While Prof. Bailey has been wonderfully successful as a lawyer, yet his career and experience have been so large and varied in the journalistic field, one might think, to look at his work in this direction, that he had no time for any other. He has been marvelously progressive in journalism. Certainly, few writers have been associated with as many papers, at different intervals, as Mr. Bailey, and filled such positions so acceptably.
As to his course in journalism before the publication of The Sun, we call attention to a clipping from The Indianapolis Free-man of February 2d, 1889: " Soon after leaving college he went to North Carolina, where he was principal, for some time, of a school known as the Roanoke Normal and Collegiate Institute. He also published and edited The National Enquirer, in the same state, until the spring of 1884, when he was offered the editorial chair of The Arkansas Herald. Considering Arkansas a more inviting field, he accepted the offer. His editorial management of The Herald was marked by signal ability and success, in consequence of which he at once received encomiums from the leading men and papers, both white and colored, throughout the state. Such was the effect of his ability upon Arkansas as a journalist, that scarcely had he edited The Herald a month before it was decided by the members of the Arkansas Herald and Mansion publishing companies, to consolidate the papers. He was then elected editor of the consolidated paper, which was at once regarded as one of the leading negro journals of the country. He continued to edit The Herald- Mansion until the fall of 1884, when he was elected professor of natural science and belles-lettres in the Philander Smith University of Little Rock. This position he fills with great credit to himself, as well as to the institution employing him.
As expressed by the author, as well as by our most eminent men in their opinions in this work, there is little pecuniary benefit to be reaped from Afro-American journals, in the earlier stage of their existence. This Prof. Bailey knew, and so he accepted a professorship in a college, in addition to his labors as editor of The Littlie Rock Sun. Thus he is enabled to support himself comfortably, and have at his command increased means for the publication of his journal.
The Sun began publication in 1885, an independent paper, with Prof. Bailey as editor. This independent stand it has since maintained, and it is noted for its out-spoken sentiments in advocacy of the rights of the race. On January 1st, 1889, it entered upon its fifth volume.
Since September 1st, 1888, Prof. Bailey has published two other papers, The Hot Springs Sun and The Texarkana Sun, ( Texas,) three separate and distinct papers, the combined weekly "bona fide" circulation of which is over six thousand. The Littlie Rock Sun has as large a circulation as any other Afro-American journal in the country, and it is doubtless safe to assert that it outranks all others in the number of its readers and the weight of its influence.
Prof.
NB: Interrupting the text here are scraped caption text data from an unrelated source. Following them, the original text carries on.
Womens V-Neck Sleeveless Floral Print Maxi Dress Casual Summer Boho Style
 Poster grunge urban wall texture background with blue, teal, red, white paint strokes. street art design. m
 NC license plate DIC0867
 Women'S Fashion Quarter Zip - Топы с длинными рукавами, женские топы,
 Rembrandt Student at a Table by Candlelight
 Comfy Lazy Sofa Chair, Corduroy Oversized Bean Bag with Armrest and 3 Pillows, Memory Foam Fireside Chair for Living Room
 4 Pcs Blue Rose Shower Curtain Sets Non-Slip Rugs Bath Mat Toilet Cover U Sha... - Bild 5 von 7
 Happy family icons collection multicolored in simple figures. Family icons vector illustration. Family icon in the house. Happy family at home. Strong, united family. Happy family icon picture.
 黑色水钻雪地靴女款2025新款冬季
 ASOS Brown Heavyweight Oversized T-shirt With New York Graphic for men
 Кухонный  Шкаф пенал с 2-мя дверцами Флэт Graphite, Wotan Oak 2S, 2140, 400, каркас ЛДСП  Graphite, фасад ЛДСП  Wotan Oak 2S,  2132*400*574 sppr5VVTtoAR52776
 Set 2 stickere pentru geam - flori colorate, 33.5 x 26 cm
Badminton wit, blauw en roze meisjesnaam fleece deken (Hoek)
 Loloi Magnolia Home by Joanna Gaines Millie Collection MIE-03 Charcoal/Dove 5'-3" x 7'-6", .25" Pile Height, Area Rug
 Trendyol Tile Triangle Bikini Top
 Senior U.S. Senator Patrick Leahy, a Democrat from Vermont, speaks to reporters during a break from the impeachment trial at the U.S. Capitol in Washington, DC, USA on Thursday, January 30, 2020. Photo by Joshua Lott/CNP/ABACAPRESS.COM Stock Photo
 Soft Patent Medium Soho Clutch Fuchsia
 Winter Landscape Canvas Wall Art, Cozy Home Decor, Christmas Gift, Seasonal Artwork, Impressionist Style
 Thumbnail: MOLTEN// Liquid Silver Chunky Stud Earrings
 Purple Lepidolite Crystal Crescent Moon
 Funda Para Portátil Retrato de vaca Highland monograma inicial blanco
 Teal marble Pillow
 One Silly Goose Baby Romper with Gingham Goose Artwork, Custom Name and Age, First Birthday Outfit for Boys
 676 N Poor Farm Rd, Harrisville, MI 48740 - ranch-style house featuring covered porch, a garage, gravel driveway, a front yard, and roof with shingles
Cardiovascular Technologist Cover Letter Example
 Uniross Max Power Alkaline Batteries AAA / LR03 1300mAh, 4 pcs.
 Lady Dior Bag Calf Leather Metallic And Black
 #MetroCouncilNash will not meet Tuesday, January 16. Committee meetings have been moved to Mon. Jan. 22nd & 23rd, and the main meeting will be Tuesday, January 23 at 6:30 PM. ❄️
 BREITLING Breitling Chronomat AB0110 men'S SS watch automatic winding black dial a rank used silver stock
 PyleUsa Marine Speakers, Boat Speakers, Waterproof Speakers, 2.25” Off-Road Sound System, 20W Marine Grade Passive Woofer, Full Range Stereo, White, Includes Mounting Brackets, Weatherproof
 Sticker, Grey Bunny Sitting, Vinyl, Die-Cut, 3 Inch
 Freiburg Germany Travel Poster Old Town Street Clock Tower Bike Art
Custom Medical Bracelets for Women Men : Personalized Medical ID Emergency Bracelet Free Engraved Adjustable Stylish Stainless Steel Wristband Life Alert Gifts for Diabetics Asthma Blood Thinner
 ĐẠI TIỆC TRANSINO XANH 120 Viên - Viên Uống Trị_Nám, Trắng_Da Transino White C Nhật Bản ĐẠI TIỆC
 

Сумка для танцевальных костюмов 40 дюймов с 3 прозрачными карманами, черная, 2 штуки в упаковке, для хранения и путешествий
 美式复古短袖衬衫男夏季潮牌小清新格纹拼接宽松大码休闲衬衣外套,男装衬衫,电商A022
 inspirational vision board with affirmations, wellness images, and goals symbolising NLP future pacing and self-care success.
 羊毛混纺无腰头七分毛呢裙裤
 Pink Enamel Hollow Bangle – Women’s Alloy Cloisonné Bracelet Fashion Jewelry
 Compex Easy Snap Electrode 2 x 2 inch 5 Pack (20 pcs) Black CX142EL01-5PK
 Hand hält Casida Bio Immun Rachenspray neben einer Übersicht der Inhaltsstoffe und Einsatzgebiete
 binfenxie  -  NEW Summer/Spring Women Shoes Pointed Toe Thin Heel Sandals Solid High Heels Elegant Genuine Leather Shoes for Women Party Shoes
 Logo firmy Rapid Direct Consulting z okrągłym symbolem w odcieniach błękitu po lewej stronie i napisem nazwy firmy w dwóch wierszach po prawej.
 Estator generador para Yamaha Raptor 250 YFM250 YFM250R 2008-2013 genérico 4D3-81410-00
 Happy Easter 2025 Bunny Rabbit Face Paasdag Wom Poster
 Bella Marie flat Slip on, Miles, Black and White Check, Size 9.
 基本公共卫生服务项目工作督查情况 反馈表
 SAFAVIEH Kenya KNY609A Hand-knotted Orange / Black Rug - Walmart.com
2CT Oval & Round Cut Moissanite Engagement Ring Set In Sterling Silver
Bailey is a newspaper man, " to the manor born." His success in the work is due, first, to his ability, and, second, to his energy and great zeal. As a journalist, a writer sums him up thus : " He has shown from childhood an insatiable thirst for knowledge and an immeasurable ability for grasping and retaining the most profound truths. While at college he distinguished himself as a linguist and mathematician. As a literary man, many know him. His clear, logical, conclusive, unique, though graceful style, is well known to most publishers and readers of the leading papers of the day. His articles are sought eagerly, and are published and read with both pleasure and benefit." The question with the fraternity is now — "Where can another Bailey be found?"